Pequeños infiernos cotidianos
El estreno de Paco confirma la fertilidad de Diego Rafecas, quien en apenas cinco años ha conseguido estrenar tres películas, y destaca las virtudes, debilidades y sobre todo sus obsesiones como director. Más allá de lo estrictamente cinematográfico, si algo queda claro son sus buenas intenciones y su preocupación por temas de relevancia social. Ahí están los hijos de desaparecidos de su ópera prima, Un buda (2005), o la red de personajes disfuncionales que componen los universos de Rodney (2009) y Paco. En esta última aborda además uno de los problemas más complejos de la actualidad socio-política: el grave aumento en el comercio y consumo de drogas destructivas como el paco, que afecta sobre todo a la población juvenil, en especial de clase baja, ligado directamente al gran dilema de la inseguridad. Pero las intenciones, limitadas o potenciadas por la capacidad para expresarlas a través de los recursos de la narración cinematográfica, resultan una parte menor dentro del análisis y no se puede ni se debe evaluar una película a partir de ellas. Aunque no está mal reconocerlas.
Paco tiene puntos a favor que comparte con los anteriores films de Rafecas: una fotografía precisa y una banda de sonido atractiva y moderna. Y aunque a veces se le va la mano con el trazo grueso, una representación aceptable de los escenarios que deben transitar quienes se arriesgan por una dosis. Ambientes sórdidos o miserables en los que muchos son aves de paso, pero donde tantos han crecido sin atención, como un elemento más de esos paisajes. No faltan la delincuencia, la humillación y el sometimiento sexual como recursos para obtener lo que se necesita con desesperación. Francisco (o Paco...), hijo de una mediática congresista demasiado ocupada con la política como para ver los evidentes problemas del chico, está enamorado de la empleada de limpieza del Congreso que lo inicia en la adicción. Otra decena de personajes surgidos de todo el abanico social sumarán sus historias hasta coincidir todos en una casa de recuperación. Allí, de la mano de un grupo de especialistas que también tienen sus debilidades, cada uno saldrá (o no) de su pequeño agujero en el infierno.
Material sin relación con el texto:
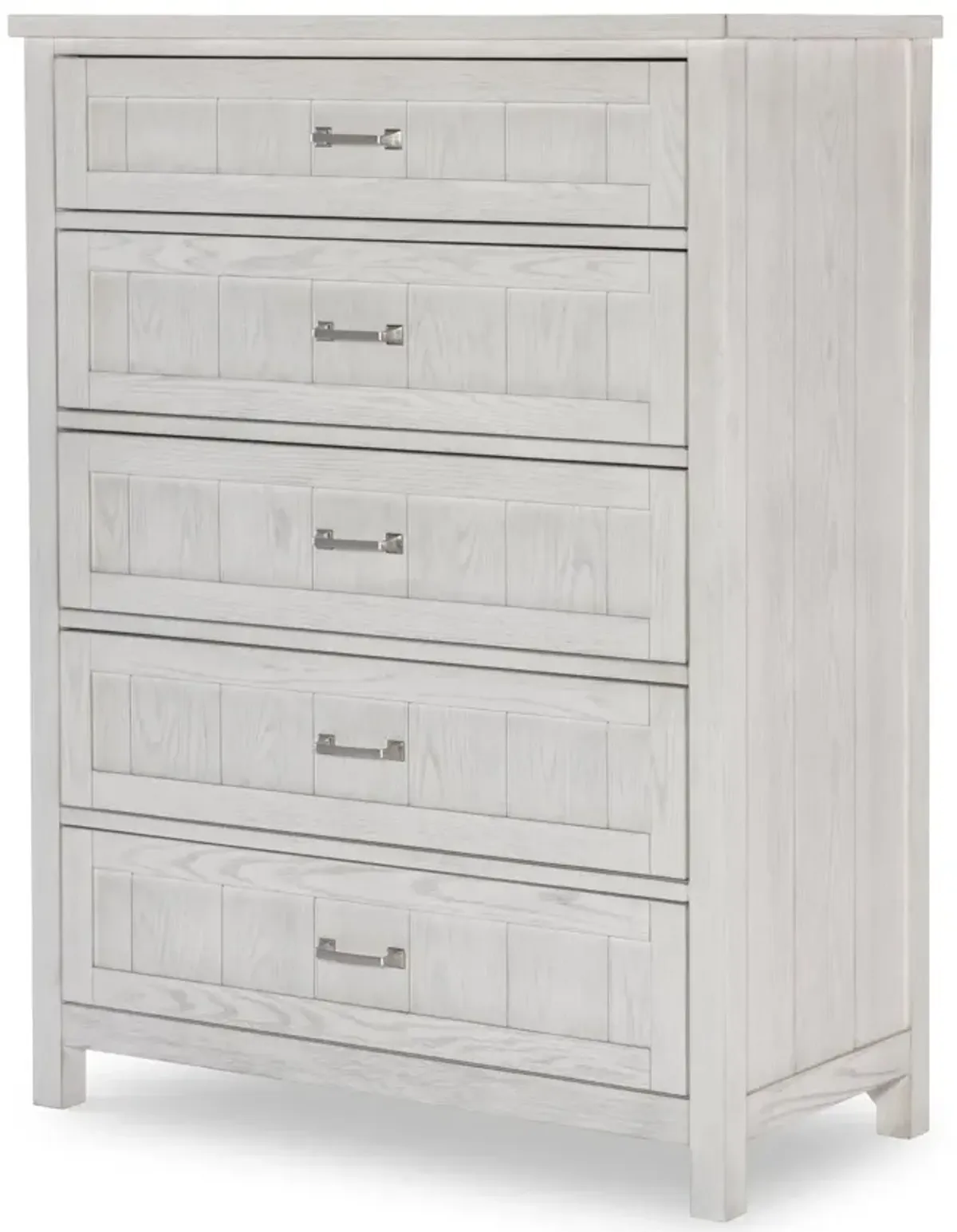 Preston Drawer Chest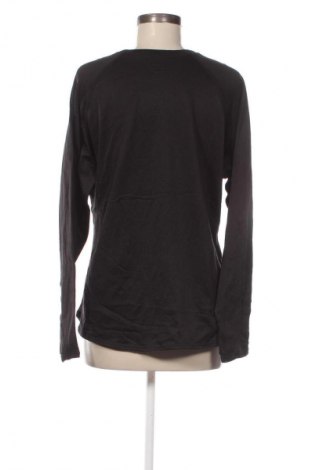 Damen Shirt climate right, Größe XXL, Farbe Schwarz, Preis € 6,99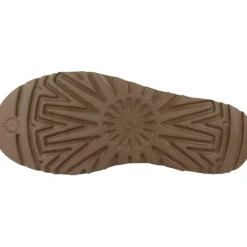 DAMES UGG Classic Ultra Mini Platform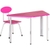 ban-ghe-mau-giao-the-one-bmg104a-bmg104b-1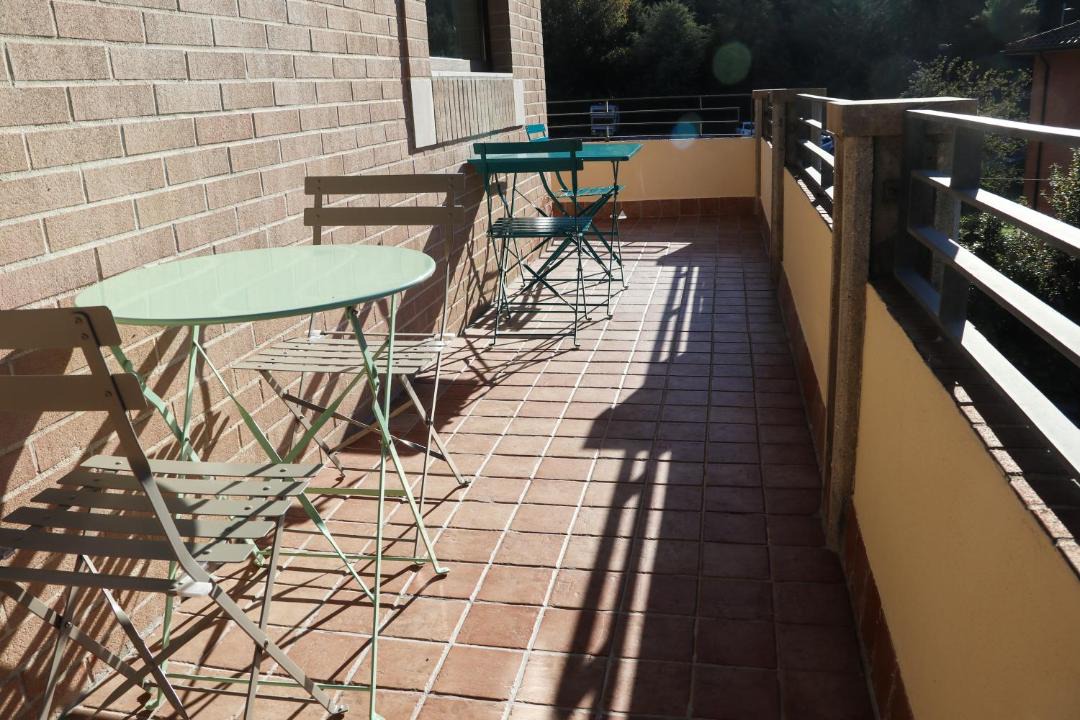 Photo of Others in Recanati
Los problemas de Paco pasan menos por el lado realista que por los costados de estricta ficción. En primer lugar, Rafecas imagina una extraña conexión internacional que resulta un intento fallido de injertar en la película una subtrama cercana al thriller. No es que en la realidad ese tipo de conexión no exista. Tal vez sí; sin embargo, por rebuscada, por excéntrica, aquí no consigue ser verosímil. El otro asunto es la permanente necesidad de Rafecas de manifestar a través del cine su vocación religiosa. Es sabido que además de director, guionista y actor de sus películas, él es monje zen y parece haberse impuesto la misión de transmitir desde su obra la sabiduría budista. Empeño que en Un buda podía entenderse como parte lógica de ese universo, pero que aquí sólo consigue generar un puñado de escenas en las que no se sabe si algunos de los personajes son iluminados o simplemente llevan muy mal sus procesos de abstinencia. Menos felices resultan ciertas líneas que algunos miembros de un buen elenco deben recitar sin convicción, restando mérito a su desempeño. Si Rafecas consiguiera pulir esas aristas, para que su fe y su obra encajen sin tanta rebarba, o aceptar que sus películas no siempre le permitirán la prédica de sus creencias, tal vez entonces sus films resulten más equilibrados.